→ Aim of the exercise: Each line below needs to be returned exactly. Skip any picture.

→ Supplied data:
————

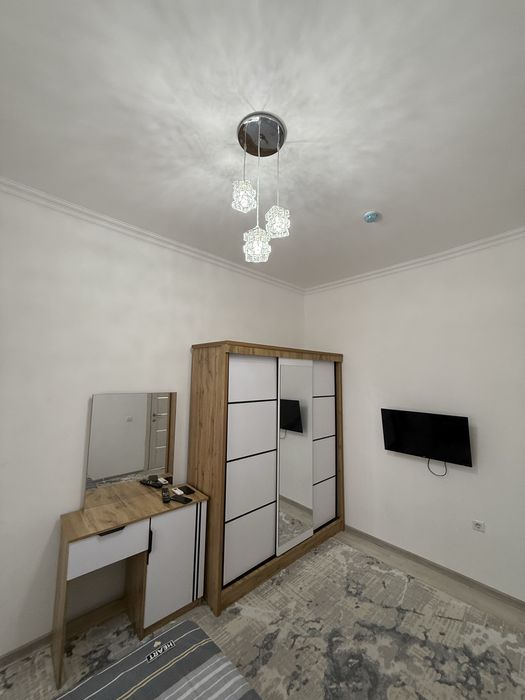 Kvartira sotiladi Sergeli Sputnik 3 xona 72 kv. Krediti bor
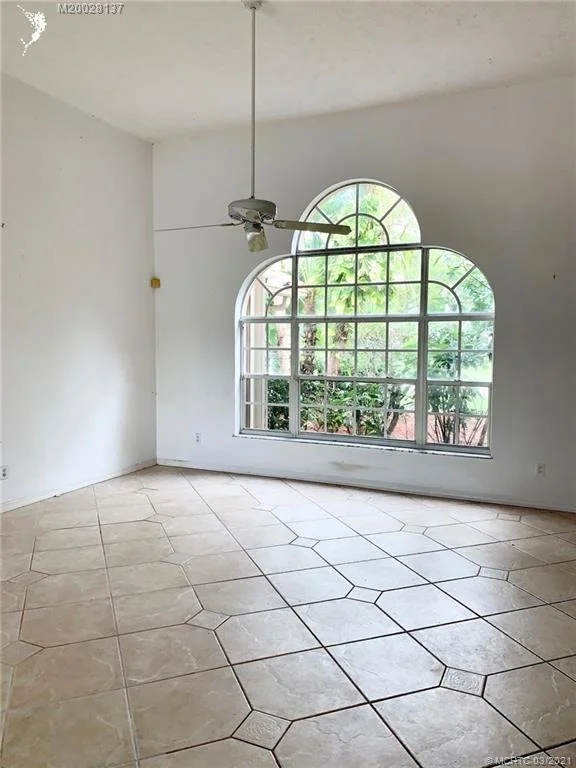 Photo of 2376 SW Danforth Circle SW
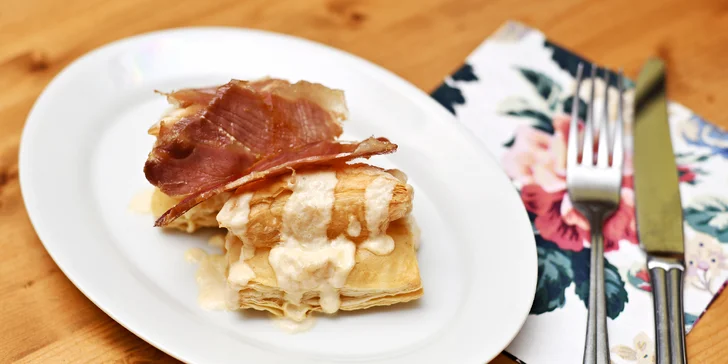 Španělské menu se sklenkou i lahví vína pro dva: tapas, masový koláč i španělská omeleta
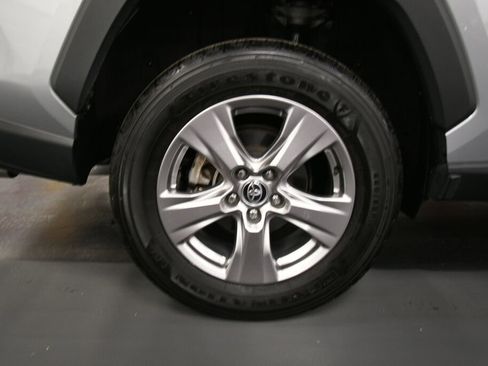 Certified 2022 Toyota RAV4 XLE image 32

————

→ Solution to the problem:
 Kvartira sotiladi Sergeli Sputnik 3 xona 72 kv. Krediti bor
 Photo of 2376 SW Danforth Circle SW
 Španělské menu se sklenkou i lahví vína pro dva: tapas, masový koláč i španělská omeleta
 Certified 2022 Toyota RAV4 XLE image 32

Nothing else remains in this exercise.